| Task details |
Using the listing below, copy exactly the lines from the one containing "Apply Baking Soda" to the one containing "2 mois après abdominoplastie et liposuccion", both lines included, and no others.

(Beginning of Entries provided)

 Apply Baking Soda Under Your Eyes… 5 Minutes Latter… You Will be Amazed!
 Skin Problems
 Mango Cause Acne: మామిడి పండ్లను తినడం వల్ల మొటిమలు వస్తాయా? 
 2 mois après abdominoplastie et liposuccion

(End of Entries provided)
(Beginning of Entries provided)

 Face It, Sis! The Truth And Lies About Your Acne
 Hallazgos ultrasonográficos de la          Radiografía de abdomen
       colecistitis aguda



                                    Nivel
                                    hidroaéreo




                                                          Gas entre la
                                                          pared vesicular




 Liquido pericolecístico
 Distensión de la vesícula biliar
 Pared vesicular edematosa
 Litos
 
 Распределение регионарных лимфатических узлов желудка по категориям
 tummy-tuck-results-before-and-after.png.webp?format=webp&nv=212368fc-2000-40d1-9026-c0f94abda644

(End of Entries provided)

| Exercise answer |
 Apply Baking Soda Under Your Eyes… 5 Minutes Latter… You Will be Amazed!
 Skin Problems
 Mango Cause Acne: మామిడి పండ్లను తినడం వల్ల మొటిమలు వస్తాయా? 
 2 mois après abdominoplastie et liposuccion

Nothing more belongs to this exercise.